Das Geschäftsjahr als Taktgeber
ist abgeschafft

Markenbildung im Familienunternehmen folgt einem mählichen Kristallwachstum.

Markenbildende Familienunternehmen pflegen eigene Begriffe von Wachstum und Innovation: "Behutsam nach links und rechts, kraftvoll nach vorne." Denn ein Neuerungsdrang als solcher hat noch selten Neues geschaffen oder einen vorhandenen Wert gesteigert. Man denke an das rasche Ende nach den Hakenschlägen der Marke Steilmann, oder den Verlust der Familienfirma Berentzen durch wahllose Zukäufe.

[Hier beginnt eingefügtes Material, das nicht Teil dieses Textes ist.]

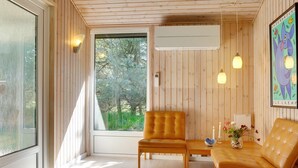 A cozy room with wooden walls, a large window, a sofa, a chair, and a small table with a vase. - "Orvokki" - 125m from the sea by Interhome (Sæby)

Wachstum durch Beständigkeit

Familienunternehmen generieren Innovationen durch furchtlose Fortschreibung des Besten und Bleibenden. Was aber ist das Beste und Bleibende? Es ist der große Bogen der Marke.

Das Familienunternehmen und die Markentechnik sind einander versprochen. Wie zwei handgenähte Schuhe halten sie ein Leben lang, und gehen miteinander dieselben Wege.

Gemeinsam stehen sie für einen anderen, nachhaltigeren, still glänzenden Wachstumsbegriff. Die natürlichen Gesetze der modernen Markenbildung ergänzen aufs Schönste den Zähigkeits- und Widerstands-Anspruch des Familienunternehmens.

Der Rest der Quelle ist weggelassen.